How To Calculate The Amount At The Interest Rate

Table of contents:

How To Calculate The Amount At The Interest Rate
How To Calculate The Amount At The Interest Rate

Video: How To Calculate The Amount At The Interest Rate

Video: How To Calculate The Amount At The Interest Rate
Video: Calculating Simple Interest 127-4.18 2024, April
Anonim

The interest rate is applied for any type of loan and can be indicated for different periods - for a month, quarter or year. Usually banks issue loans with an indication of the annual interest rate, but the payment for the same amount borrowed at the same interest rate may be different, since payments can be differentiated and annuity.
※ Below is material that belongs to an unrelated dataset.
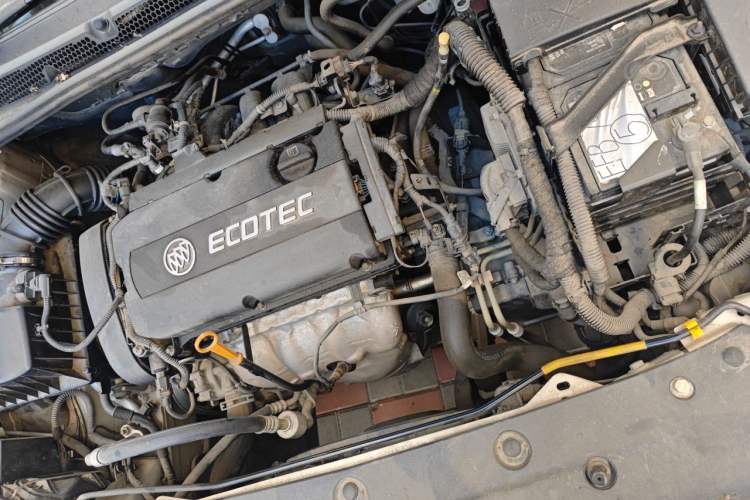 Used Buick GT 2013 GT 1.6L Automatic Fashion Edition Engine Bay Left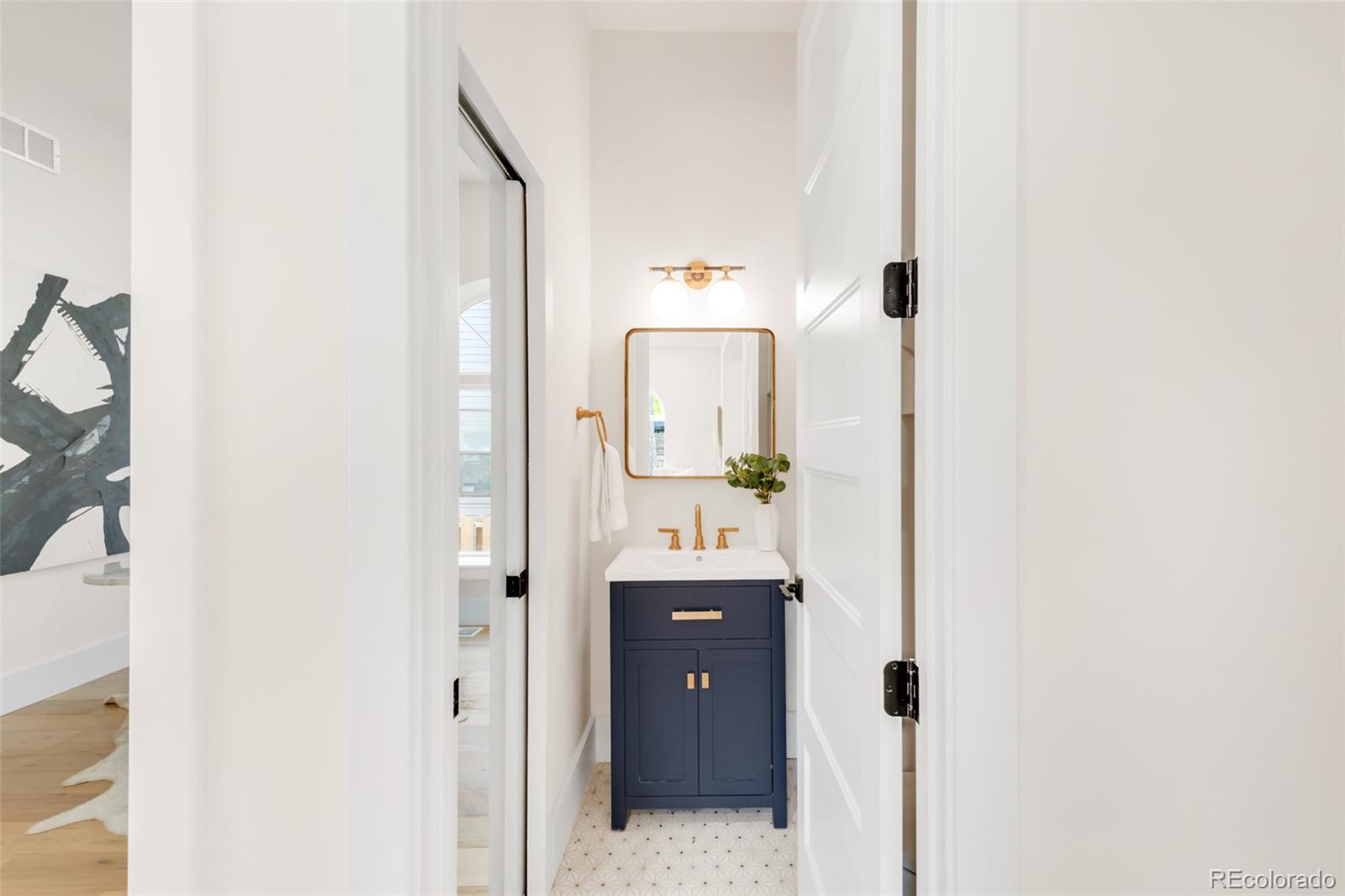 2511 N Gaylord Street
How to calculate the amount at the interest rate
How to calculate the amount at the interest rate

It is necessary

  • - contract;
  • - calculator;
  • - payment repayment schedule.

Instructions

Step 1

If you received a loan and differentiated payments are indicated in your agreement, then you will be charged interest on the balance of the debt. For example, you took 100 thousand rubles at 10% per annum for 1 year, interest will not be charged to you from 100 thousand, but will be charged monthly from the balance and only the first installment will be charged from the full amount. If you paid the first payment of 10 thousand rubles, then the next interest rate will be charged to you already from 90 thousand. Therefore, at the end of the loan period, your overpayment will be significantly lower than with annuity payments.

Step 2

If you received the same loan amount, but the payments are annuity, then you will pay the same amount every month, and you will receive interest from 100,000 for the entire loan period, regardless of how much debt actually remains. That is, in the end you will pay much more money and your overpayment will be much higher.

Step 3

Accordingly, a differentiated payment is always more profitable than an annuity one. But more often than not, the borrower does not pay any attention to this. Some banks offer lower interest rates, but in the end the amount of the overpayment is higher, especially since the payment schedule is calculated in such a way that the borrower first pays a significant amount of the interest rate and only at the end of the loan the payment is calculated to pay off the principal debt. Therefore, even if you plan to repay the loan earlier, the bank will still receive significant benefits, since all the client's interest obligations are invested in the initial payments.

Step 4

When deciding to get a substantial loan, always ask what type of payments will be made. Bank employees are trying to carefully hide this, and the system of applied payments is indicated in the smallest letters, which can be read only with a magnifying glass.